Adobe se présente comme un champion des créateurs à l'ère de l'IA. Le procès allègue qu'il a utilisé des livres protégés par le droit d'auteur

Adobe se présente comme un champion des créateurs à l'ère de l'IA. Le procès allègue qu'il a utilisé des livres protégés par le droit d'auteur

Adobe a construit une partie de sa stratégie d'intelligence artificielle sur un thème très reconnaissable : protéger les créateurs à une époque de profonds changements. Alors que d’autres entreprises technologiques accumulaient les critiques sur l’origine de leurs données, l’entreprise se présentait comme une alternative responsable. Cette position fait maintenant face à un procès qui porte sur la formation de l'un de ses modèles et l'utilisation d'œuvres protégées par le droit d'auteur. Il ne s’agit pas d’une anomalie, mais plutôt du reflet d’une question à laquelle l’industrie n’a pas encore été en mesure de répondre clairement.

Le procès a été déposé mardi devant le tribunal américain du district nord de Californie et prend la forme d'un recours collectif proposé. Une auteure nommée Elizabeth Lyon accuse Adobe d'utiliser des livres protégés par le droit d'auteur, y compris le sien, pour entraîner les modèles d'IA de l'entreprise, avec SlimLM au centre de l'affaire, sans autorisation. Selon la documentation judiciaire, ces travaux auraient fait partie du processus de formation de systèmes conçus pour répondre aux instructions humaines. Lyon prétend agir au nom d'autres ayants droit qui se retrouveraient dans une situation similaire.

Le grand débat sur les données qui entraînent l’IA

Pour comprendre pourquoi ce type de litiges se répète de plus en plus fréquemment, il convient de s’arrêter un instant sur le fonctionnement actuel de l’intelligence artificielle. Au-delà des applications visibles, des chatbots aux générateurs d'images, il existe des modèles sous-jacents qui constituent le cœur du système et apprennent à partir d'énormes volumes de données. De manière générale, davantage de données peuvent améliorer les performances, même si ce n’est pas le seul facteur. Le problème apparaît lorsque se pose la question clé de l’origine de ces informations et des conditions dans lesquelles elles ont été utilisées.

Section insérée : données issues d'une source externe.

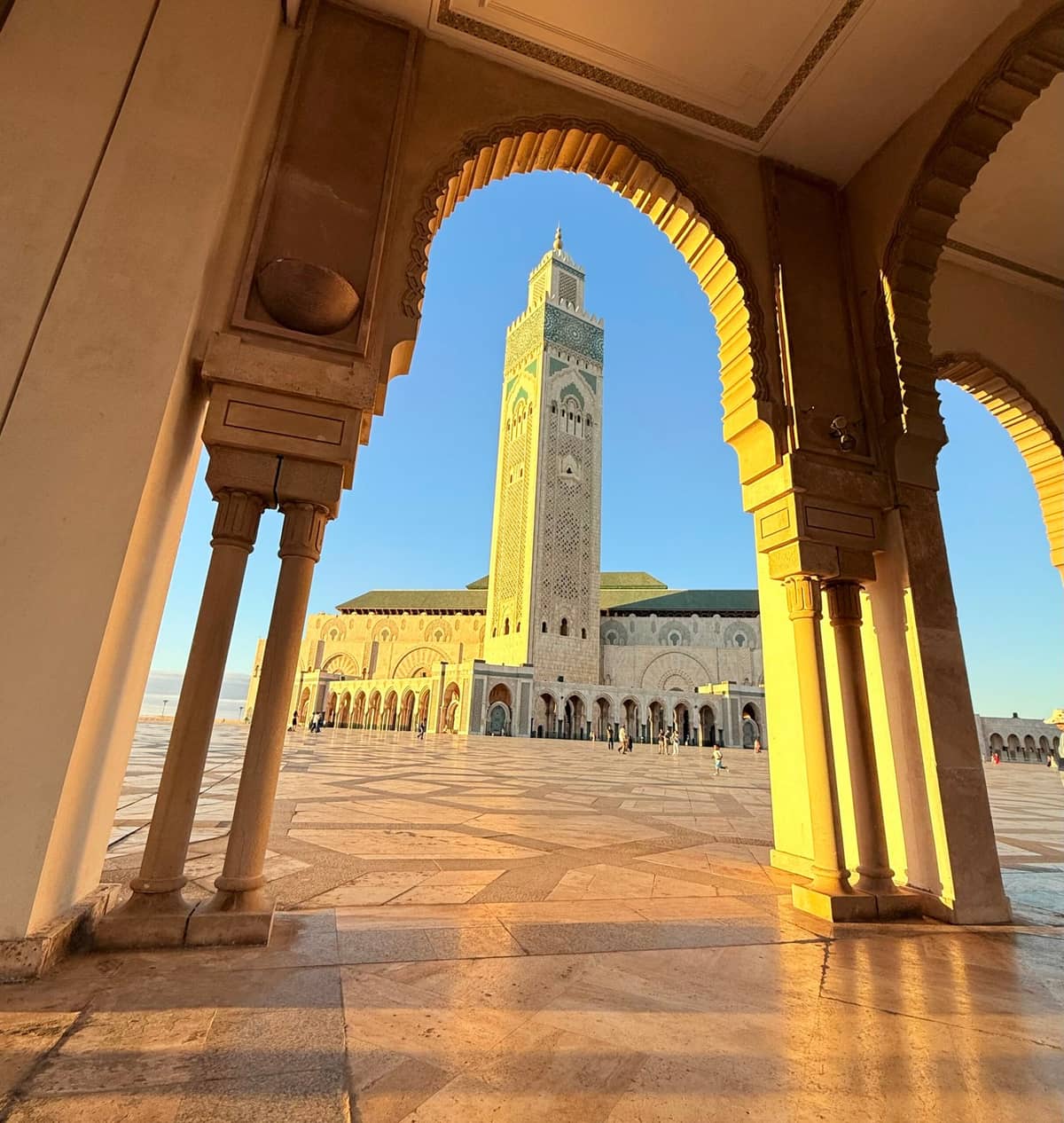 assan II Mosque in Casablanca overlooking the Atlantic Ocean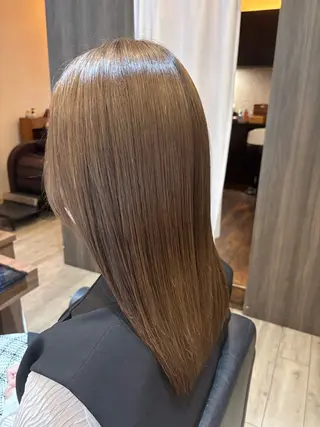 ミディアム カラー 江子 晴香のヘアスタイル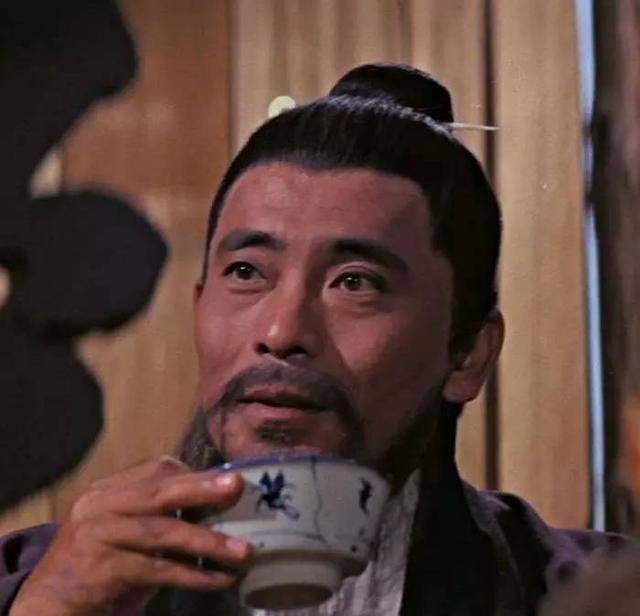 89岁老戏骨谷峰,出道50年没演过主角,甚至都没留下自己的名字_演技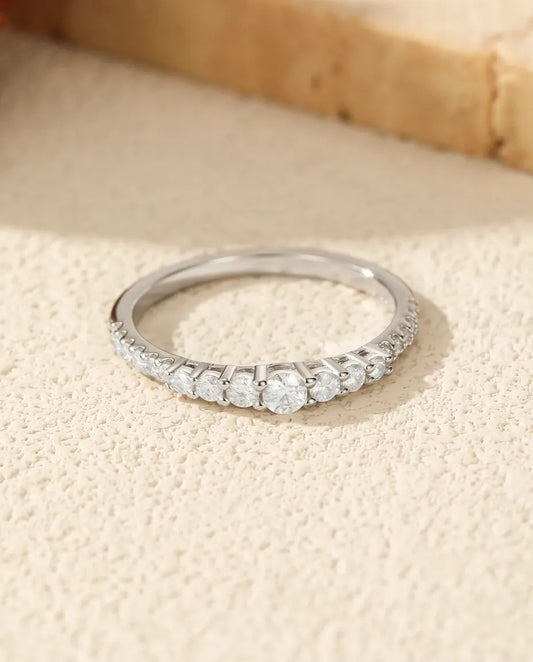 Moissanite Ring met 19 Oplopende Stenen – Smalle Aanschuifring in 925 Sterling Zilver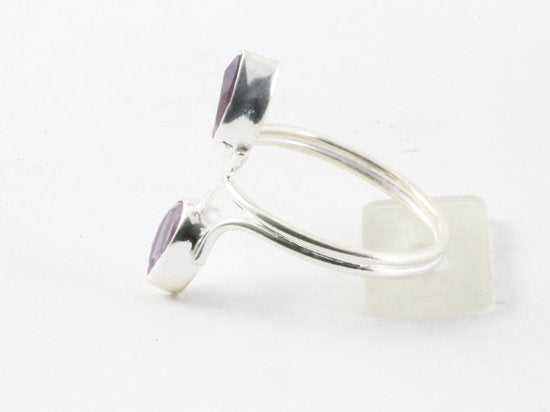 Fijne zilveren ring met amethist afbeelding 2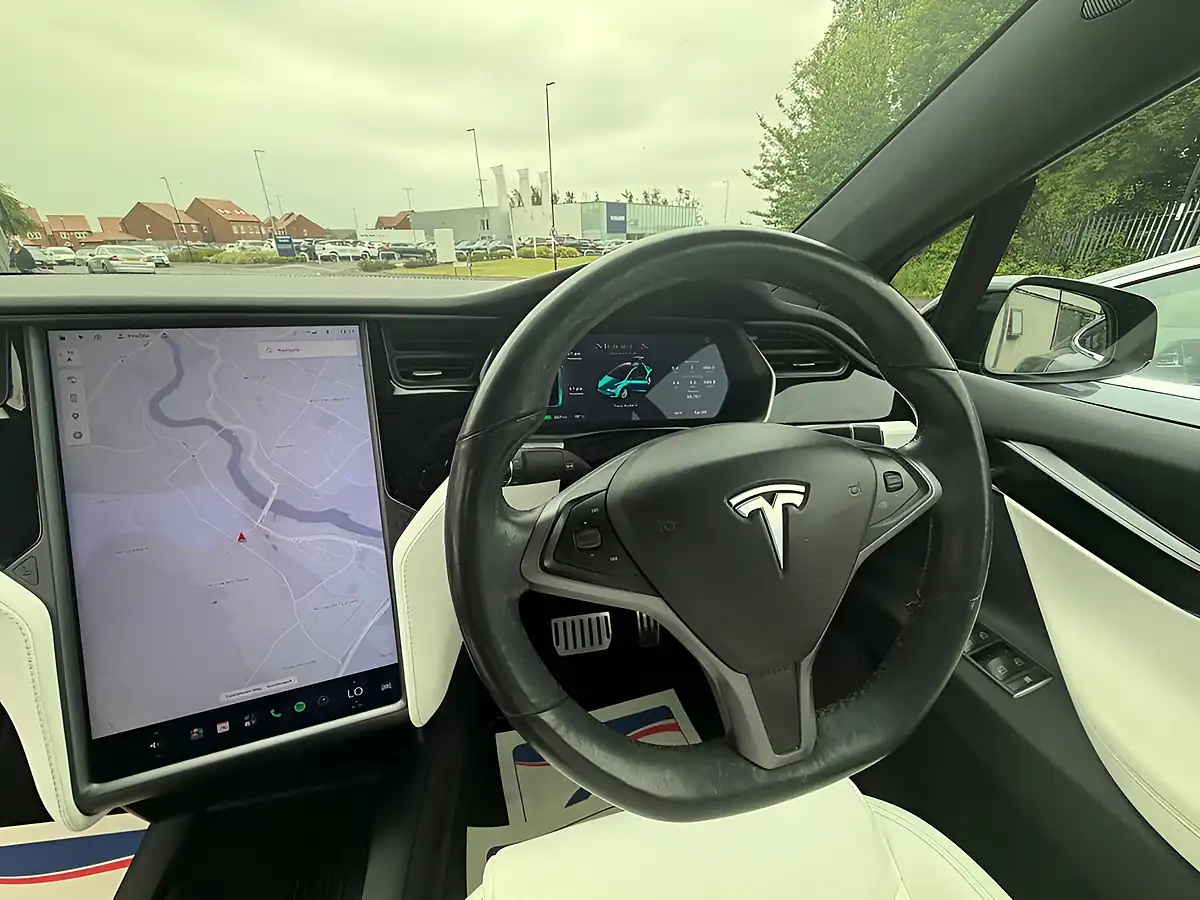 Used 2020 Tesla Model X Long Range Plus Black - Interior and Exterior details 12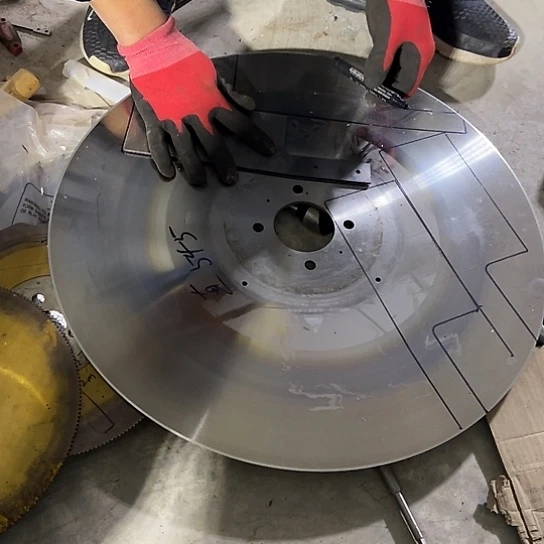 大哥看好下单闪电购5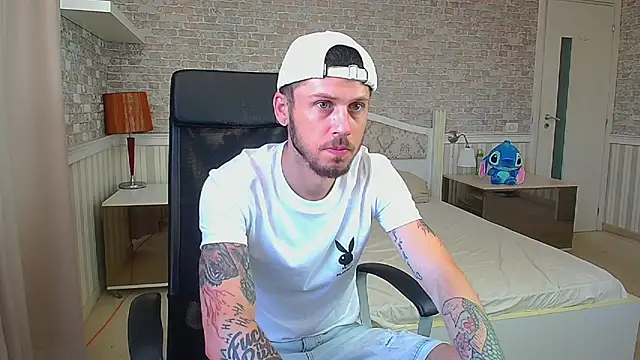 JonahShaw online show from July 17, 2026, 4:43 am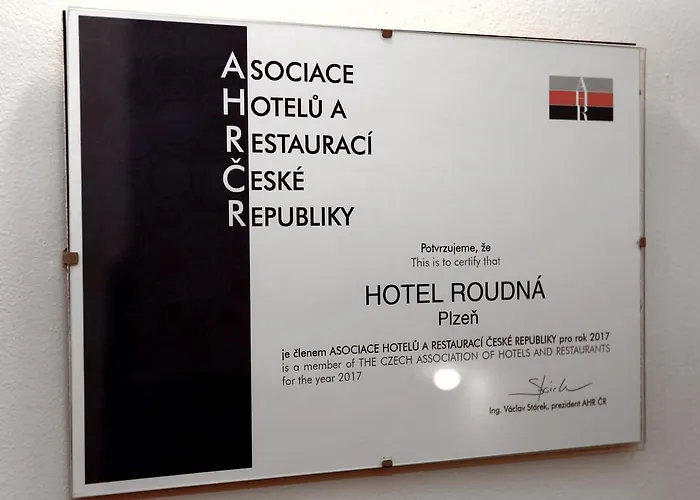Roudna Hotel 3*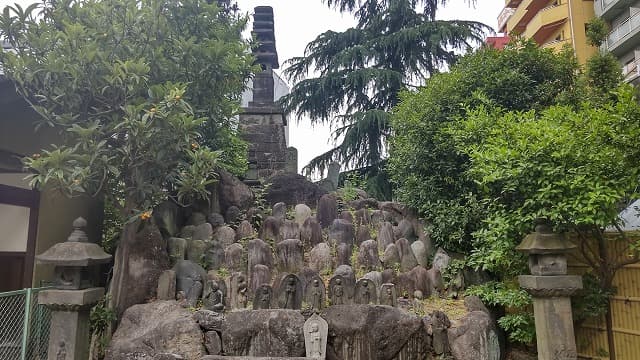 東京都荒川区の円通寺にある首塚・七重の塔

Le modèle indiqué dans le procès n'est pas Firefly, le système de création le plus connu d'Adobe, mais SlimLM, une famille de modèles de langage plus petits conçus pour des tâches spécifiques. Ces modèles sont conçus pour aider les utilisateurs avec les fonctions liées aux documents, notamment sur les appareils mobiles. Il ne s’agit pas d’une IA destinée à la génération créative à grande échelle, mais plutôt d’un système fonctionnant en arrière-plan. Cette différence est pertinente car elle montre que le débat sur les données de formation ne se limite pas aux applications les plus visibles.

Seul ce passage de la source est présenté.